Source material:
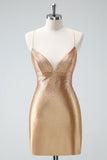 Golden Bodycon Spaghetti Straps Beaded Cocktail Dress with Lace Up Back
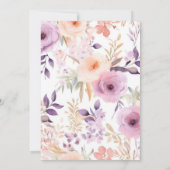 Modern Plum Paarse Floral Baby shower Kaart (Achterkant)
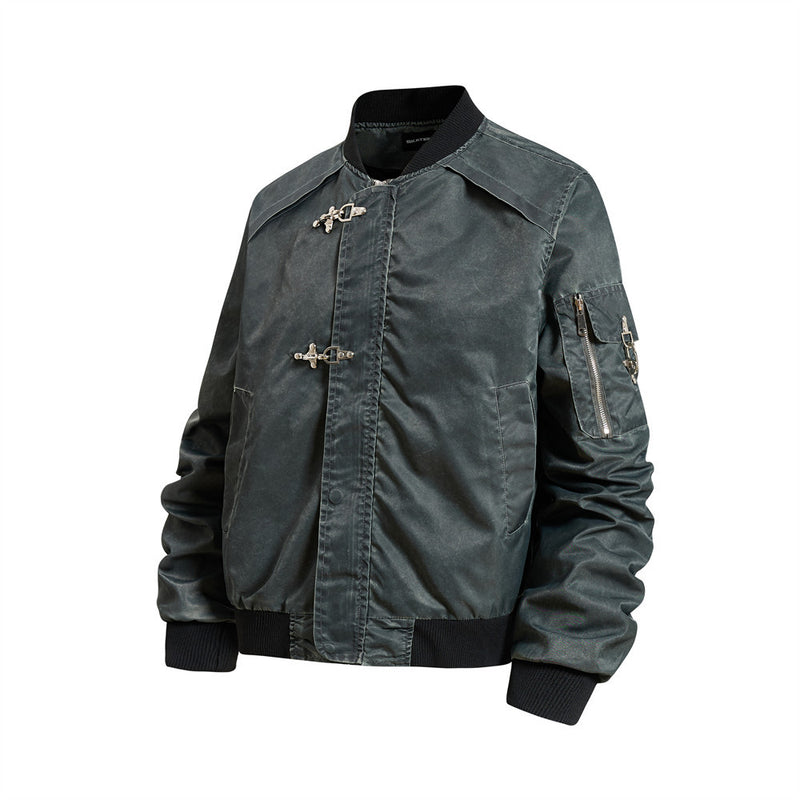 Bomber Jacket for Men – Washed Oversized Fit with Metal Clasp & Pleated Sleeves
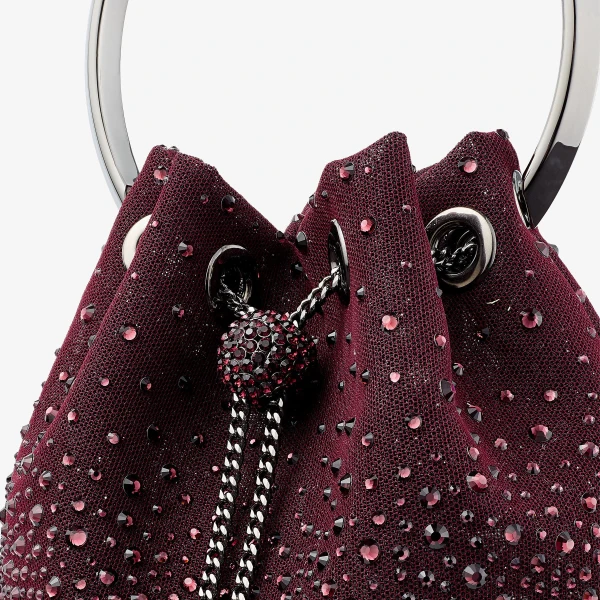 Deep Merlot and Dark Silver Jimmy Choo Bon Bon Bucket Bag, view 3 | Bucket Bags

...

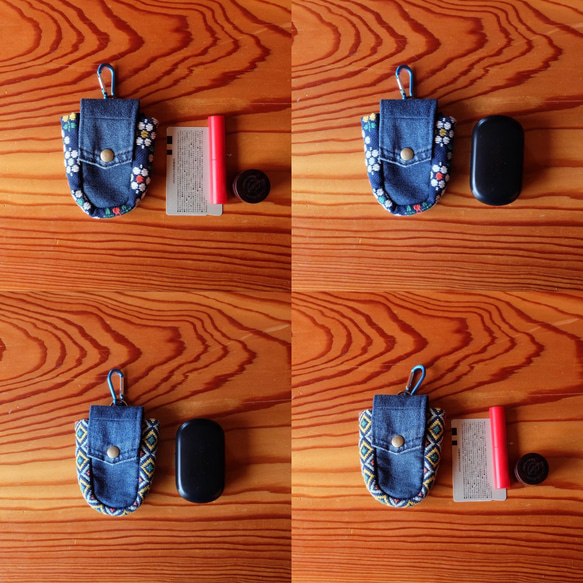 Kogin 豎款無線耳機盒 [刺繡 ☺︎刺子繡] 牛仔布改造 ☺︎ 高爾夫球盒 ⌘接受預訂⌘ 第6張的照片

Task directions: Nothing but the lines from the one containing "Golden Bodycon Spaghetti" through the one containing "Deep Merlot and" should appear, copied exactly from the material above and without pictures.

Answer space:
 Golden Bodycon Spaghetti Straps Beaded Cocktail Dress with Lace Up Back
 Modern Plum Paarse Floral Baby shower Kaart (Achterkant)
 Bomber Jacket for Men – Washed Oversized Fit with Metal Clasp & Pleated Sleeves
 Deep Merlot and Dark Silver Jimmy Choo Bon Bon Bucket Bag, view 3 | Bucket Bags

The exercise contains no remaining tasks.